An article of Aljazeera - the topic says everything...
You're buying an airplane ticket online. Scroll to the bottom of the website, and there's an option to "buy carbon credits" to "offset" the climate change-inducing emissions you are about to produce during your flight.
It sounds like an attractive, market-based way to appease your environmental conscience - and quite affordably, too. But what are you actually buying? And how much - if any - difference can it really make in the fight against global warming?
In effect, you're paying someone else to exercise carbon emission restraint. It may be a tech factory reducing their pollution, or a Third World forester leaving a jungle tract unlogged.
"Carbon trading should not be a substitute for emissions reduction. [After all] should we rely on the capitalist system to solve problems it created in the first place?" - Melissa Leach, University of Sussex |
But many questions surround the viability and potential negative consequences of carbon trading.
Can the carbon market attain enough credits to help halt global climate change? How, with its diversity of climate mitigation efforts, can carbon contracts be kept feasible enough for the markets to grow? And are there costs to biodiversity and indigenous people living in or near forests?

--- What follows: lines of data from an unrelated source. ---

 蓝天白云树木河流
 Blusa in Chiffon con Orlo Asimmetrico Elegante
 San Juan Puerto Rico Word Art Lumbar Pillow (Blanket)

Under the 1997 Kyoto Protocol, 193 countries committed to reduce their annual rate of greenhouse gas emissions by four per cent compared to 1990 levels. One of their suggested methods for implementing the goal was a "cap-and-trade" market.
The premise of the scheme was to put a value or price tag on carbon held in trees in developing countries, then get people and governments in the developed world to pay for "carbon offsets", or forests left standing.
Conservationists have challenged the effectiveness of basing these rewards on sheer tree tallies, or on the tonnage of carbon sequestered. Diverse carbon-absorbing forests can all too easily be wiped out and replaced with mono-cropped oil-palm or rubber tree plantations, they say.